Your next visit to a Pizza Hut might remind you of Chipotle.
The chain on Tuesday unveiled a new design concept that features a pizza-making station at the center of the restaurant, allowing customers to see employees make their orders. It’s part of broader changes Pizza Hut is showing off at a remodeled location as the chain contends with sluggish sales and increasing competition.

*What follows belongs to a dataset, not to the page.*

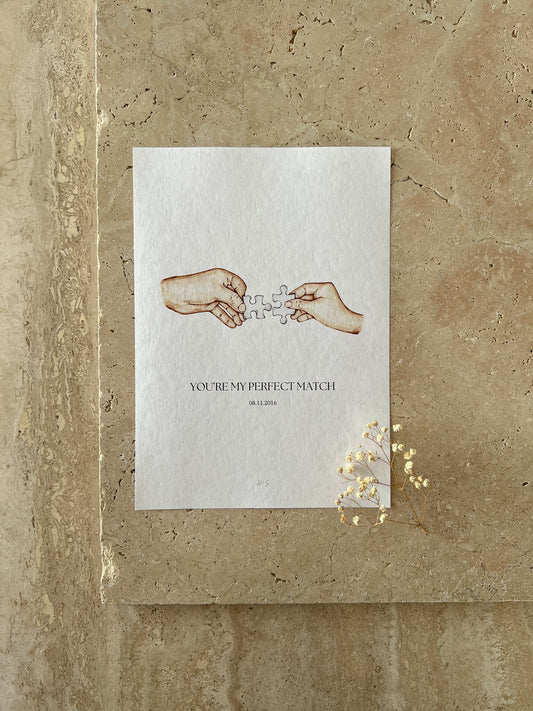 YOURE MY PERFECT MATCH PRINT BY WILLOW AND SAGE CO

Also at the Plano, Texas, restaurant is a modernized interior that has touchscreen kiosks for customers to place orders and heated cabinets for pick-up. The exterior has a drive-thru lane with serving a new “Hut ‘N Go” menu, which features new digital menu boards and serves its most popular foods in an attempt to reduce wait times.
Pizza Hut and its rivals are struggling as inflation-weary customers hunt for value. The industry faces intense competition from third-party delivery apps that have replaced pizza delivery – an American mainstay – with other options, including McDonald’s, for people’s to-go orders, according to Jonathan Maze, editor-in-chief at Restaurant Business Magazine.
Maze said that Pizza Hut has a “weird history” because it started off as a full-service restaurant until Domino’s rose to prominence and “started the commoditization of the pizza business,” which resulted in consumers having little loyalty among brands.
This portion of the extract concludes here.